My favorite question to my mother is, “Did they do the potty well, and how many times with the younger one?”

In the night, I keep on smelling my boy’s diaper, to ensure that all is well. Does he need to be changed? I do not have any smelling sensation these days thanks to my two and half years of motherhood. I have smelled so much of their shit in the past 54 months!

A funny incident validated that my smelling senses are gone. I was putting the diaper on my younger one, with only the zero light bulb on. My daughter was lying next to the boy. I removed the briefs and was about to put the diaper on, when my daughter said, “Mumma he has done potty.” Really? She said, “yes mumma, yucky smell.”

I turned on the light and yes, she was right. Because of the darkness, I was not able to see the shit and thanks to my ever-blocked nose; I could not smell either. I was thanking her nose for that. Had she not smelled it, it would have been an awful night for the boy, not to mention the diaper rash. She was the savior of the moment.

By the way, other people have an alarm to wake them up in the morning, and my alarm is my boy’s uneasiness or the agonized cries when he soils his diaper exactly at 4:30 am and sometimes at 5:00 am, without fail, every day.

The regular morning routine is taking deep breaths, stretching, and praying for a beautiful day ahead. Hold on; I do not have the luxury to perform these actions. I do wake up with the shit, with the most urgent concern to get out of the bed and try to soothe him so that his cries do not wake up my daughter.

Imagine two crying babies early morning. I rush to the other room and then the tussle begins. He wants to sleep, but he also wants to be cleaned up without being bothered. These ten minutes become a war situation where both parties want to win. After cleaning up the poo, all I need is a cup of tea to carry on my daily business.

Earlier I used to cringe when any conversation used to steer towards the shitty subject. Motherhood gives you a new perspective to accept the shit around you, clean it up and move on to another task. There is no time to mull over.

There are instances when my babies and my niece have delivered the stuff straight in my lap or on my hand! I do not even remember when the last time the kids were cleaned up by their father.

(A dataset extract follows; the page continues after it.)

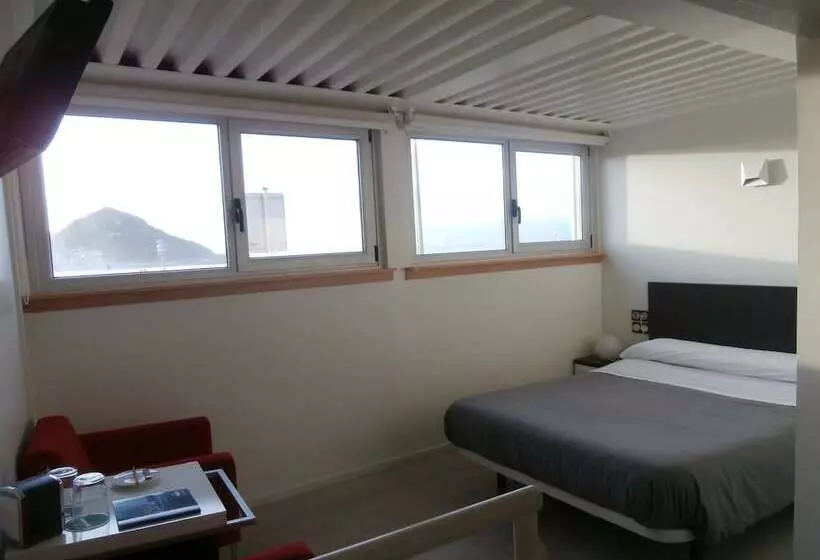Standard-huone, Punta Monpas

One of my friends narrated an incident. Her house is very close to a shopping mall. She had gone to the mall to pick up few things. Both father and son were at home. While the mother was away, the kid did his toilet round. Now who will clean him up? Father called up the mother to return and attend the emergency crap!

My story is not for weak-heart souls, and only a mother has the super power to take the shit wholeheartedly. I think another 3–4 years this shit will not trouble me! Until that time, I will bear with the natural alarm.